Blijkbaar wordt helaas nog vaak uitgegaan van het principe: ‘wat je niet ziet, dat is er niet’. Dat doet denken aan de situatie met het in de grijze oudheid breed geaccepteerde idee dat de aarde plat zou zijn. Daarmee konden de mensen van toen, best goed uit de voeten. Maar toen die nauwkeuriger naar zon en maan en de sterrenwereld gingen kijken, en toen wat later ook de zeevaart zich ontwikkelde, kwam zo’n 2500 jaar geleden in de menselijke geest het idee op dat de aarde niet plat maar bolvormig moest zijn.
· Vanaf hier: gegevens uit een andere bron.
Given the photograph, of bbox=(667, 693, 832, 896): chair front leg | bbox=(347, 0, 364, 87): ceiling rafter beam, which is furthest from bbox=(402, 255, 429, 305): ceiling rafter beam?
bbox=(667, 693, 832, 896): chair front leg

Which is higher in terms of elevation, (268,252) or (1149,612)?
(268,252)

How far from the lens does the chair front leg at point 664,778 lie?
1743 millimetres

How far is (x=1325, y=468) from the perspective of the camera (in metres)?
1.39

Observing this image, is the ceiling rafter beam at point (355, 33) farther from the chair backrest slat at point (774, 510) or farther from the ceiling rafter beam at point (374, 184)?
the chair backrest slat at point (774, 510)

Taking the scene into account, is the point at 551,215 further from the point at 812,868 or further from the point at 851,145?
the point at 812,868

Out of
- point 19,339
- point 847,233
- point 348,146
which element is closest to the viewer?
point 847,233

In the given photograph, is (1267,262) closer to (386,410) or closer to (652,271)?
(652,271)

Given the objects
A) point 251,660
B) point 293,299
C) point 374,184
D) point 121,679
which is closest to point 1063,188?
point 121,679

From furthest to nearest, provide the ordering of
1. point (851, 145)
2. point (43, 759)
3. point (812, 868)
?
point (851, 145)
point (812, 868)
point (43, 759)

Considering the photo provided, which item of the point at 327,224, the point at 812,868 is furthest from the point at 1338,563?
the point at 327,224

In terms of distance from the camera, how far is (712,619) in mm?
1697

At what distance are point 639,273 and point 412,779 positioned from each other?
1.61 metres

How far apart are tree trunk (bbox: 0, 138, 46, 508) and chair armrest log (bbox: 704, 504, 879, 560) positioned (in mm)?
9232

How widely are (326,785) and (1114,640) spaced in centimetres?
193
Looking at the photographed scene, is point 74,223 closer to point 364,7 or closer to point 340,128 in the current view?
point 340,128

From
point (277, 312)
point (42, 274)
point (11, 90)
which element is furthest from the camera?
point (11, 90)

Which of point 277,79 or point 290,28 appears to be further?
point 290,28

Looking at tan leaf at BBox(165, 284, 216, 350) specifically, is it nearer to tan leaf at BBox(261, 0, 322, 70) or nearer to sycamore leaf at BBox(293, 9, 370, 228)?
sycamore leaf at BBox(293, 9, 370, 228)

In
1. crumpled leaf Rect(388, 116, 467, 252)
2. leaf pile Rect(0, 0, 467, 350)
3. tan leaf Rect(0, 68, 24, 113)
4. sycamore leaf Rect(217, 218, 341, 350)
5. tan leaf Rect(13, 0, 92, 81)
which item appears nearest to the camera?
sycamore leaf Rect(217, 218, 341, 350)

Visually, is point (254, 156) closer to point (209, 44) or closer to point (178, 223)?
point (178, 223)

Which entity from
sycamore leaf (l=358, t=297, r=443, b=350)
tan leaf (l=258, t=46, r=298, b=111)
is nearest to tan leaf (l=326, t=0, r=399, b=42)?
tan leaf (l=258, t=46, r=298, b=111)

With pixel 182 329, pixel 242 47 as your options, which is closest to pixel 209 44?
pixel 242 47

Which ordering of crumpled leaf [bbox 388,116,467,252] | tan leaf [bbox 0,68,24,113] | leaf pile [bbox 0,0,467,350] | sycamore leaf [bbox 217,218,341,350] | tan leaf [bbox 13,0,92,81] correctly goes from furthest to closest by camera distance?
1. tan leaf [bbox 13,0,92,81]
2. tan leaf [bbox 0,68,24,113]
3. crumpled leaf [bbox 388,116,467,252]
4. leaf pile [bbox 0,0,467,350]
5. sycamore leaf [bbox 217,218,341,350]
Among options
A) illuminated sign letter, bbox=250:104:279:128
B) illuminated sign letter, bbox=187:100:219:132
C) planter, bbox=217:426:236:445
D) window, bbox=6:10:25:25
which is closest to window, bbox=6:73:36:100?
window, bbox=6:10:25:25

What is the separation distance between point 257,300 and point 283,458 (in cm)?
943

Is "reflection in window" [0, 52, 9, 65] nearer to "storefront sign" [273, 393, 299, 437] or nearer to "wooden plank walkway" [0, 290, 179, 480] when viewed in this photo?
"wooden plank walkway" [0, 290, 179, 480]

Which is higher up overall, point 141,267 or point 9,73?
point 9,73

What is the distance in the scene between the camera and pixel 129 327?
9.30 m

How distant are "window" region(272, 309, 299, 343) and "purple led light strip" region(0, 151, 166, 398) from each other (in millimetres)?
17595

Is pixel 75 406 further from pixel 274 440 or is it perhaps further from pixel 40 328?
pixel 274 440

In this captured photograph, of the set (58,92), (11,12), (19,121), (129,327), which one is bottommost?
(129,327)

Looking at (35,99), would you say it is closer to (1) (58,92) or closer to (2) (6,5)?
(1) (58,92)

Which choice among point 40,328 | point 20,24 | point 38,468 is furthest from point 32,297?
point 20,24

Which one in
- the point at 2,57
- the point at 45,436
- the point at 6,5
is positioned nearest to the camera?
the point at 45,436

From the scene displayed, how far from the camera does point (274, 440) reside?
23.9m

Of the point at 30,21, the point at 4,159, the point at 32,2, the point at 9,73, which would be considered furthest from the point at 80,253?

Daarna volgde nog meer dan duizend jaar strijd met de gevestigde ‘geloven en wetenschappers’ voordat het oude denken werd losgelaten, en algemeen dat wijdsere wereldbeeld werd aanvaard. En zie: daarmee kwam er een geweldige opleving in begrip, menselijke ontwikkeling en: wetenschap!
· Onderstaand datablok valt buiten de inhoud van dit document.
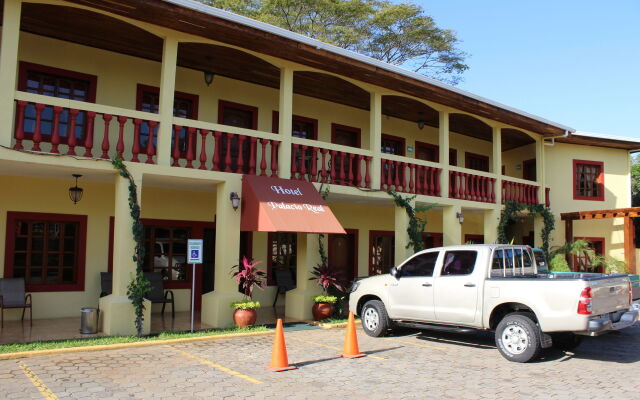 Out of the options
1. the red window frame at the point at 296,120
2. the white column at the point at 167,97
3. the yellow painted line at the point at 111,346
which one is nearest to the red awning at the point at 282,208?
the white column at the point at 167,97

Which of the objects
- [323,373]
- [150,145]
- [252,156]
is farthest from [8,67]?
[323,373]

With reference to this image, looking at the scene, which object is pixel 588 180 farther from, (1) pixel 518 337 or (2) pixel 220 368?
(2) pixel 220 368

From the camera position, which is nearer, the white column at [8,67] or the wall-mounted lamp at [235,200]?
the white column at [8,67]

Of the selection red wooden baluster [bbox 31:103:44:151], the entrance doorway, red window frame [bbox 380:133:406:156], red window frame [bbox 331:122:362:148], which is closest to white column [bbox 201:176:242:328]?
red wooden baluster [bbox 31:103:44:151]

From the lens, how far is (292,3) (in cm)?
2559

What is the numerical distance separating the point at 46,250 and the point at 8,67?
168 inches

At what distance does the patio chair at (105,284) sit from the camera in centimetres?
1157

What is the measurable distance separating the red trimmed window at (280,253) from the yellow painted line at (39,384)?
7580 millimetres

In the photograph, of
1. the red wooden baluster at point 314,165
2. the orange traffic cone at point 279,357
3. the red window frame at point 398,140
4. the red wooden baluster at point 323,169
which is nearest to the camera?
the orange traffic cone at point 279,357

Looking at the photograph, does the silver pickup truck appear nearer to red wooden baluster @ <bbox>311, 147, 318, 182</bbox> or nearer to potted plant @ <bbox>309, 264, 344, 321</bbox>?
potted plant @ <bbox>309, 264, 344, 321</bbox>

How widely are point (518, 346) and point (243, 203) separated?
19.3 feet

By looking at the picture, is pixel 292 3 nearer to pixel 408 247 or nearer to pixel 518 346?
pixel 408 247

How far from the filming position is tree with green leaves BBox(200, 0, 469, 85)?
25.9m

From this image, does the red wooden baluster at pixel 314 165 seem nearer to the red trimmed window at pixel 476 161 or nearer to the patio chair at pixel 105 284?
the patio chair at pixel 105 284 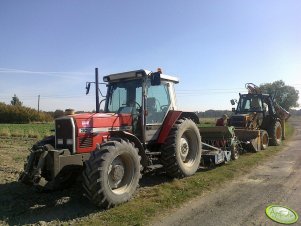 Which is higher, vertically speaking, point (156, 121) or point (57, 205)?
point (156, 121)

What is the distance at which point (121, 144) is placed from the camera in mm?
6395

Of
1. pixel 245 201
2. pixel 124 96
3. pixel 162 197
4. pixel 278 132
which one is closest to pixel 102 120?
pixel 124 96

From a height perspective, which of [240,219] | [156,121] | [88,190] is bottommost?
[240,219]

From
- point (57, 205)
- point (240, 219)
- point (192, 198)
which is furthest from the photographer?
point (192, 198)

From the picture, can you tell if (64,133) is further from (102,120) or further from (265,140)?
(265,140)

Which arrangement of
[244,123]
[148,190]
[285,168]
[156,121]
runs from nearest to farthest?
1. [148,190]
2. [156,121]
3. [285,168]
4. [244,123]

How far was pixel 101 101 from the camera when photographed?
8.53 meters

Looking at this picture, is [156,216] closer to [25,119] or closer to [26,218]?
[26,218]

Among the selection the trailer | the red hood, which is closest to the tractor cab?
the red hood

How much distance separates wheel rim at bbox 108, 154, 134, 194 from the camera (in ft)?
21.0

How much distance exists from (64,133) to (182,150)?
330 cm

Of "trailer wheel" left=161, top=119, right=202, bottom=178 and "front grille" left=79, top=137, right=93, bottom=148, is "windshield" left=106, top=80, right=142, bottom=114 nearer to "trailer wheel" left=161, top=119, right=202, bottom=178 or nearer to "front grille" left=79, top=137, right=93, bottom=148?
"trailer wheel" left=161, top=119, right=202, bottom=178

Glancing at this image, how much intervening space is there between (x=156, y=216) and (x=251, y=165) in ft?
18.2

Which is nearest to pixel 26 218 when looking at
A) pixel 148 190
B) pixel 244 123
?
pixel 148 190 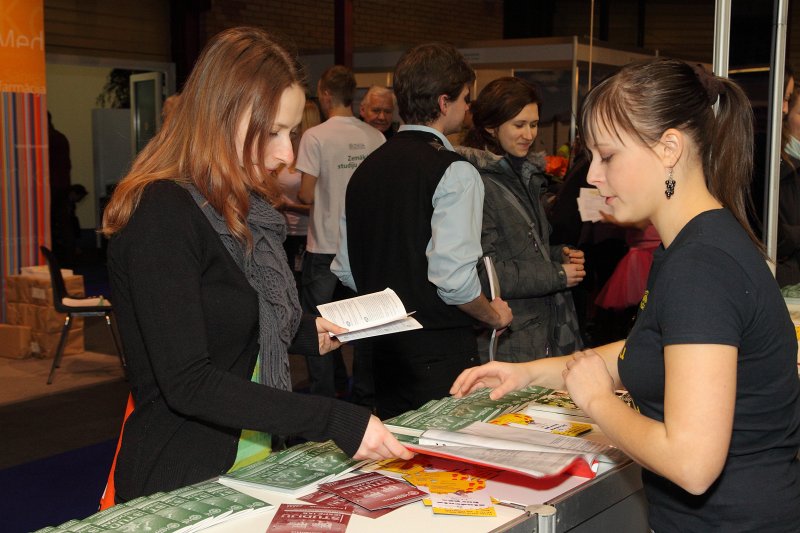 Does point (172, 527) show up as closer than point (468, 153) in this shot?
Yes

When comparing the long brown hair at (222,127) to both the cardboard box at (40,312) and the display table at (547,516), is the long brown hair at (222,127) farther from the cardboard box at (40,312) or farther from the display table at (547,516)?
the cardboard box at (40,312)

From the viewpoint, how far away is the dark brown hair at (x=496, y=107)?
3637 millimetres

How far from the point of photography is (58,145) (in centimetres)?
897

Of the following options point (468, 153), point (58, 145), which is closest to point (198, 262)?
point (468, 153)

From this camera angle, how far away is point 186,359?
1.58 meters

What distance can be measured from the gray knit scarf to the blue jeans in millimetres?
2867

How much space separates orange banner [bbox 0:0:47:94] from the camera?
6.84m

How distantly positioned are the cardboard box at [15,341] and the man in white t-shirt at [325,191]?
107 inches

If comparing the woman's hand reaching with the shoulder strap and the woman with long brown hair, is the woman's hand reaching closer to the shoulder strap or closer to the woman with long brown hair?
the woman with long brown hair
En de grootse ontdekkingsreis die in dit tijdperk op handen is, is deze keer niet naar buiten gericht maar heeft onszelf, als mens, tot doel: onze innerlijke werkelijkheid, dat wat we werkelijk zijn: de menselijke ziel of geest. De gevolgen van deze sprong in menselijk bewustzijn zal, schat ik, een impuls geven aan het menselijk bestaan – aan hoe wij met onszelf en met elkaar omgaan, en de vorm, inhoud en zin die wij aan ons bestaan geven – die zonder meer dramatisch zal zijn. De wereld zal er door veranderen. Misschien zullen we ooit wel spreken van een nieuwe ‘geboorte’ van de mens(heid).
En zo blijven veel huidige hersen-onderzoekers ‘van het oude stempel’ proberen met hun materialistisch wetenschappelijke geloof, het wezen van de mens te reduceren tot elektrochemische processen en een neuronen(zenuwcellen)-circus binnen in de schedel, met als motto: je bént je hersenen. Maar zo’n visie lijkt toch wel erg veel op het verhaal van de kuil-gravende collega van hierboven, die op zoek was naar de zwaartekracht.
Nee: in ons lichaam / in de hersenen zul je de ziel niet aantreffen. Die zit er niet in.
Dát klopt. Wij mensen (zielen) gebruiken ons lichaam, maar wij zijn dat lichaam niet.
Dat werken we in de hoofdstukken hierna natuurlijk nog wat verder uit.